BUSINESS SEO Terms of Service
The Customer subscribes to the WebRefresh Business SEO package at $2,000 AUD EX GST per month for a minimum of one month(s) from service start date, being the date of purchase.
Any additional costs related to supporting the implementation of WebRefresh’s recommendations are to be borne by the customer, for example, domain purchases, website development and copywriting.
WebRefresh will invoice the Customer on a monthly basis for the duration of this Agreement for Services to be provided in the forthcoming month. Prompt payment by the Customer is required within 7 days of the date of the invoice.
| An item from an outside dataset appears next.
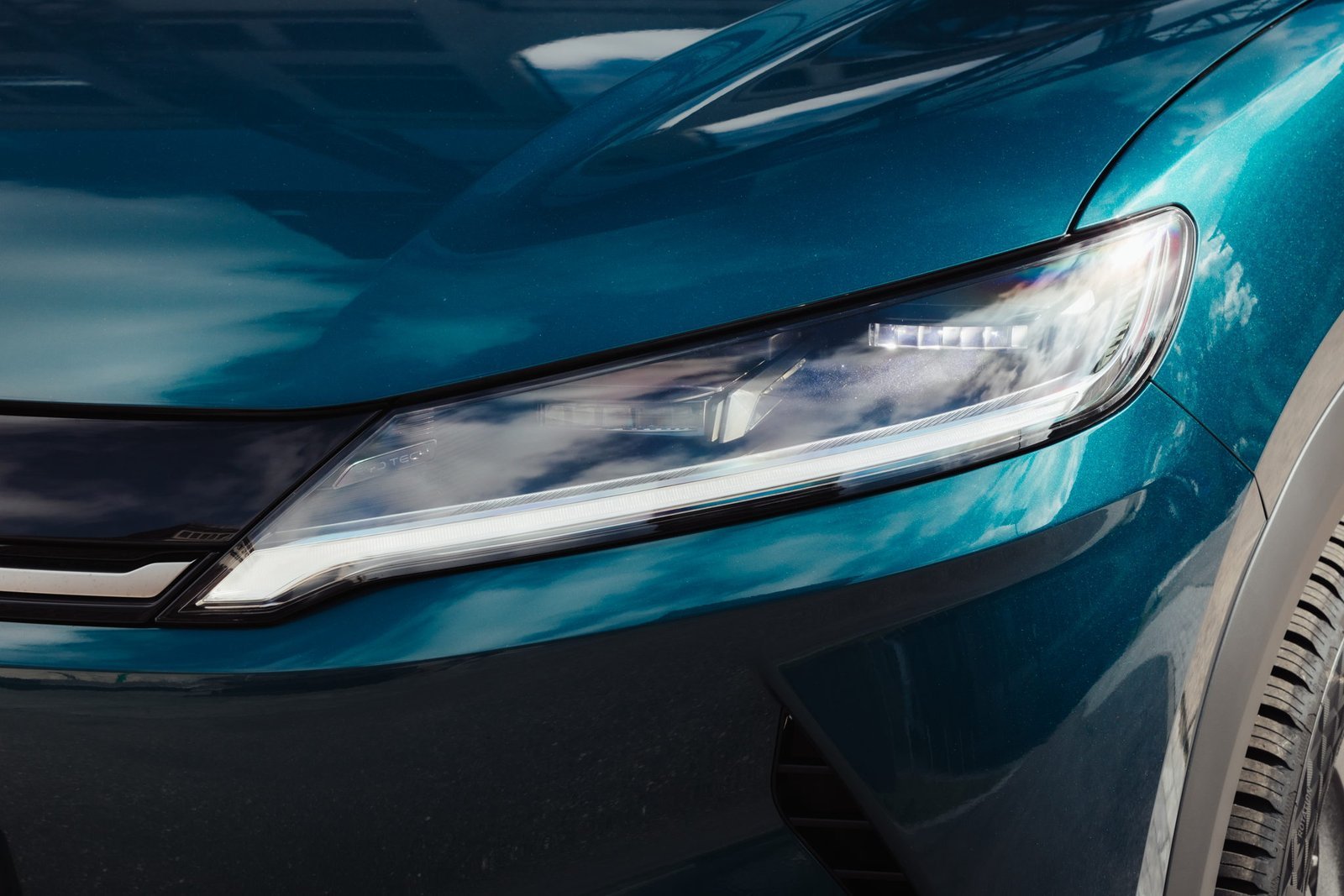 BYD ATTO 2 DM-i front exterior detail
This Agreement has an initial term of one month(s) and will continue on a month to month basis after the initial term until terminated by either party. It may be terminated by either party after providing 30 days written notice to the other, if the other party breaches any material obligation provided in this Agreement and the breaching party fails to cure such breach within thirty (30) days of receipt of notice from the other party requiring the breach to be remedied.
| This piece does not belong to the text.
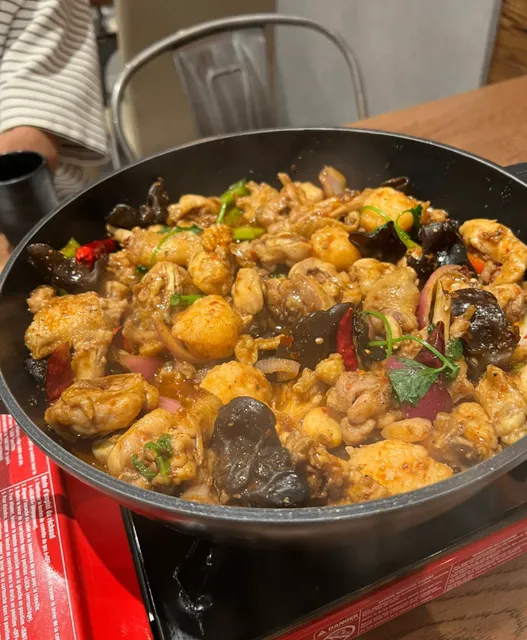 Mui Kee Chicken Pot – The Late-Night Spot I Could Eat 100+ Times! 🐔🔥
This Agreement may be terminated by WebRefresh (i) immediately if the Customer fails to pay any monies due within the required time frame; or (ii) if the Customer fails to co-operate with or hinders WebRefresh’s ability to perform the Services.
If this agreement is terminated within the initial minimum one (1) month time period from the date of service start date, early termination fees may apply (see clause 13).
In order for WebRefresh to provide the Services, the Customer must:
+ Provide WebRefresh with FTP and content management system access to its websites and social media accounts for uploading new pages, and making changes for the purpose of providing the Services or approval to go through a third party.
+ Authorise WebRefresh to use of all the Customer's logos, trademarks, website images, etc. for use in creating informational pages and any other uses as necessary to provide the Services.
+ If the Customer's website(s) is light in textual content, provide additional relevant text content in electronic format for the purpose of creating additional web pages and the Customer agrees to provide content, for example 700 to 2,000 word "articles" about each of the Keyword Phrases.
The Customer understands, acknowledges and agrees that:
+ WebRefresh has no control over the policies of search engines or directories with respect to the type of sites and/or content that they accept now or in the future.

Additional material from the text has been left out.